Dataset records below:

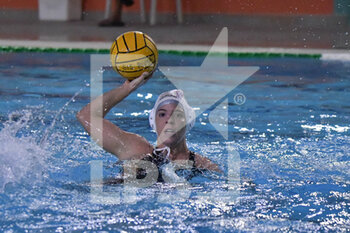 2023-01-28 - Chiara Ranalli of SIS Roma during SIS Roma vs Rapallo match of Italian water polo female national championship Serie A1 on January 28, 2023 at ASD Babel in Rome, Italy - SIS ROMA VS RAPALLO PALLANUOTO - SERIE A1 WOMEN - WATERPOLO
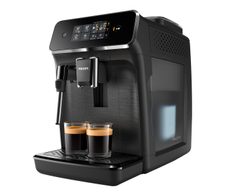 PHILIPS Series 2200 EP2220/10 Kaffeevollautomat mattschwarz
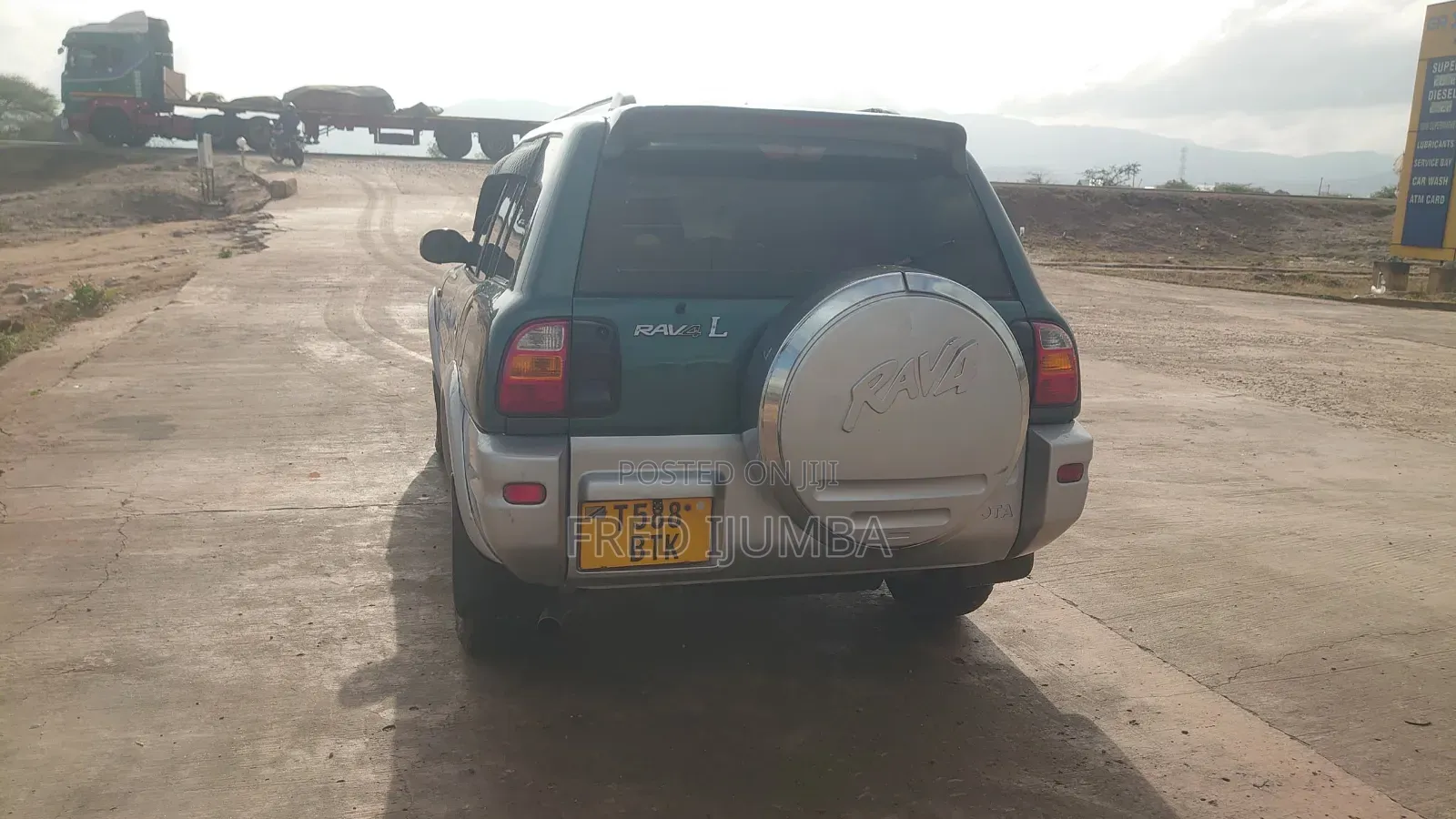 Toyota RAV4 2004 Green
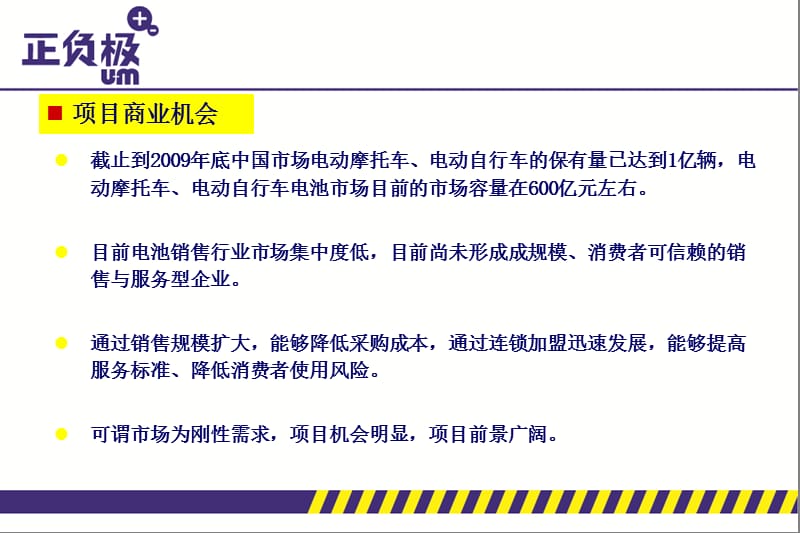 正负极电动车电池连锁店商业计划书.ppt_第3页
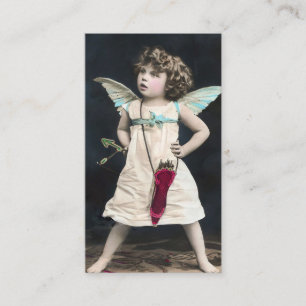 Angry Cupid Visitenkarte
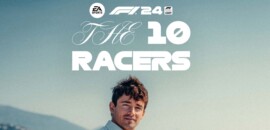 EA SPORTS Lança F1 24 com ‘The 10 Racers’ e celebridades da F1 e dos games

End of Dataset records.

• [What to do]: Can you retype every record above exactly, leaving out the pictures?

• [Solution to this exercise]:
 2023-01-28 - Chiara Ranalli of SIS Roma during SIS Roma vs Rapallo match of Italian water polo female national championship Serie A1 on January 28, 2023 at ASD Babel in Rome, Italy - SIS ROMA VS RAPALLO PALLANUOTO - SERIE A1 WOMEN - WATERPOLO
 PHILIPS Series 2200 EP2220/10 Kaffeevollautomat mattschwarz
 Toyota RAV4 2004 Green
 正负极电动车电池连锁店商业计划书.ppt_第3页
 Angry Cupid Visitenkarte
 EA SPORTS Lança F1 24 com ‘The 10 Racers’ e celebridades da F1 e dos games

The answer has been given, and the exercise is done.